In Zukunft könnte es nicht nur zu simulierten Manövern kommen. Erdoğan scheint es darauf anzulegen, aus dem „kalten Krieg“ einen echten zu machen. Der Streit zwischen den beiden Ländern währt bereits über 100 Jahre und geht auf den griechisch-türkischen Krieg (1919-1922) zurück. 1923 wurden im Vertrag von Lausanne die heute geltenden Grenzen geregelt und besagte Inseln völkerrechtlich Griechenland zugesprochen.

Militärisches Kräftemessen

Seit dem Bekanntwerden der Rohstoffvorkommen in der Region, ist es nicht länger nur ein Streit um Land und Wasser. Heute geht es auch entschieden um die Förderrechte für Öl und Gas, was mehr als je zuvor Macht und globalen Einfluß bedeutet.

Erdoğan und andere türkische Nationalisten liebäugeln mit der Verschiebung von Seegrenzen und der Einverleibung griechischer Inseln wie Rhodos, Lesbos, Samos, Kos und sogar Kreta. Die Propaganda-Maschinerie ist in vollem Gange: Der Vorsitzende der nationalistischen Partei MHP, Devlet Bahçeli, die Koalitionspartner der Regierungspartei AKP ist, hatte sich mit einer Landkarte präsentiert, auf der sämtliche Inseln der östlichen Ägäis als türkisches Gebiet eingezeichnet waren.

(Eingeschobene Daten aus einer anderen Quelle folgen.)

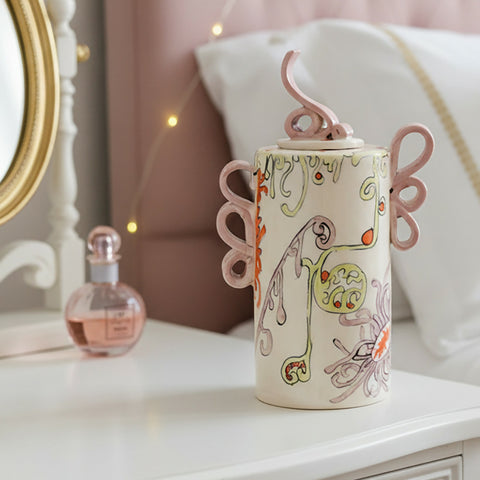 Summer of Love Lidded Jar - Handmade Ceramic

Athen reagierte auf die türkischen Aggressionen mit der Stationierung von Soldaten auf den von Ankara begehrten Inseln. Diesen Schritt sah Griechenland als adäquate Antwort auf die Militärkasernen, Flugzeuge und Schiffe auf türkischer Seite. Doch Erdoğan fühlt sich durch die Militärpräsenz noch stärker provoziert und wirft der Gegenseite vor, die Verträge von Paris und Lausanne zu verletzen, da diese eine Entmilitarisierung der Inseln vorschreiben.

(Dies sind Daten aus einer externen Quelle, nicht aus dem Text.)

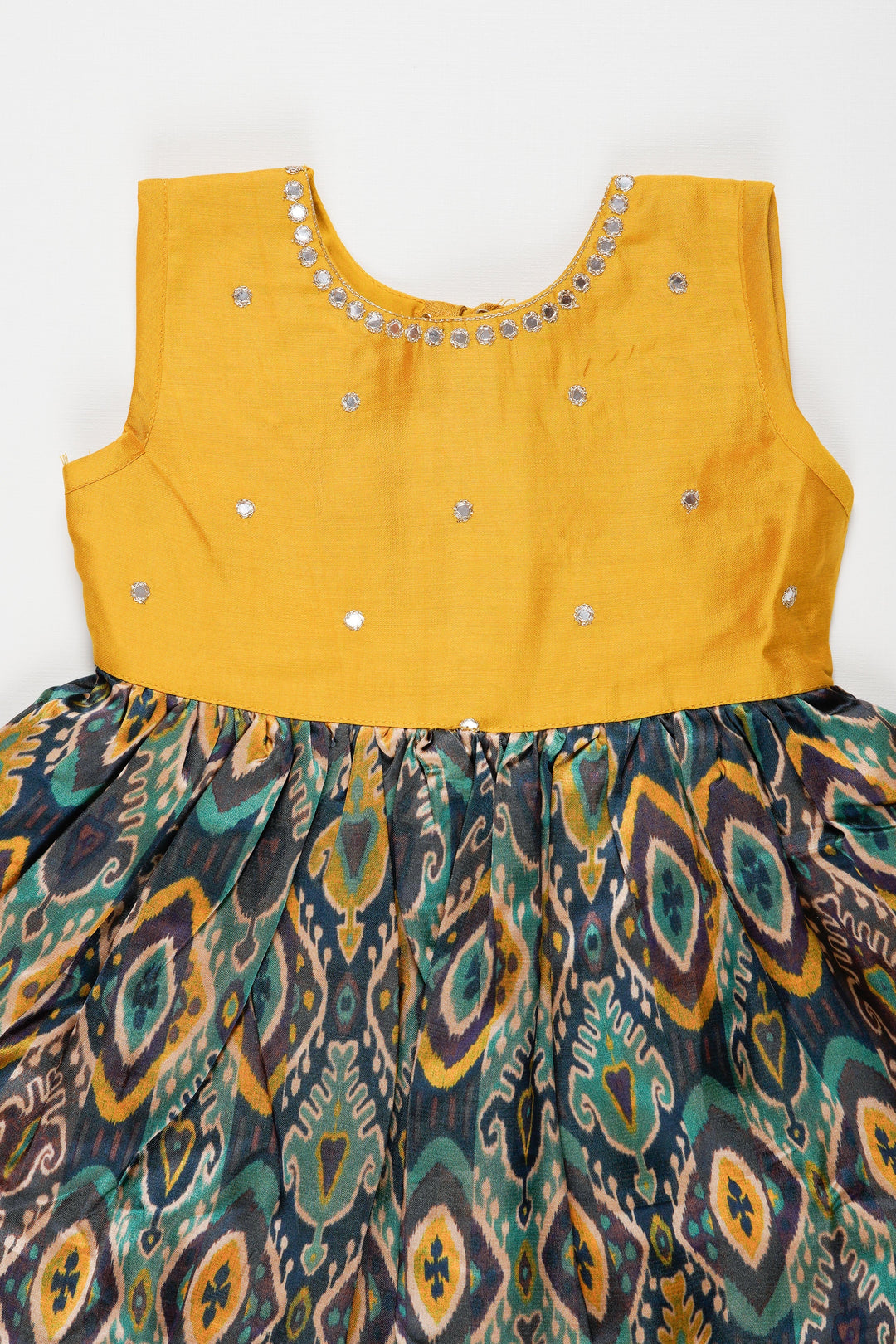 The Nesavu Girls Cotton Frock Elegant Yellow and Teal Chanderi Cotton Frock for Girls Nesavu Buy Girls Yellow Chanderi Cotton Ethnic Frock | Teal Printed Frock | The Nesavu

Hinter der Kulisse der Kriegsmanöver hat die Türkei erneut mit Rohstoff-Erkundungsbohrungen im südöstlichen Mittelmeer begonnen. Ankara hat das Gas-Bohrschiff „Abdülhamid Han“, das nach einem osmanischen Sultan benannt worden ist, ins östliche Mittelmeer entsendet. Dieses werde so lange „weitersuchen, bis es etwas findet“, verkündete der türkische Präsident. Man werde sich holen, „was uns gehört“. Die Mission soll laut dem Navigationssicherheitswarnungsdienst Navtex bis zum 7. Oktober dauern.

Es bleibt zu hoffen, daß es in dieser Zeit zu keinem militärischen Zwischenfall kommt, denn der Einsatzbereich des Schiffes liegt im Gebiet zwischen der Türkei, Kreta und Zypern. Erdoğans Bohrschiff navigiert somit auch in einem Seegebiet, das Griechenland als eigene sogenannte Ausschließliche Wirtschaftszone versteht.

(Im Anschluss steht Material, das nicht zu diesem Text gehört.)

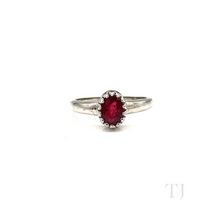 Load image into Gallery viewer, Ruby Oval Ring in Sterling Silver (US 6)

Türkei spielt mit dem Feuer

Griechenland und die Türkei sind beide Mitglieder Nato. Käme es zu einer echten militärischen Auseinandersetzung, würde dies das transatlantische Bündnis sprengen und die ohnehin destabilisierte Region ins Chaos stürzen.

Schon im Jahr 2020 standen Ankara und Athen vor einer Eskalation. Damals unternahm das türkische Bohrschiff „Oruc Reis“ südlich der Insel Rhodos Erdgaserkundungsfahrten und wurde zum Teil von eigenen Kriegsschiffen eskortiert.  Griechenland mobilisierte daraufhin seine Marine. Nato-Generalsekretär Jens Stoltenberg appellierte an beide Seiten eindringlich um Besonnenheit, nachdem ein türkisches Schiff ein griechisches gerammt hatte.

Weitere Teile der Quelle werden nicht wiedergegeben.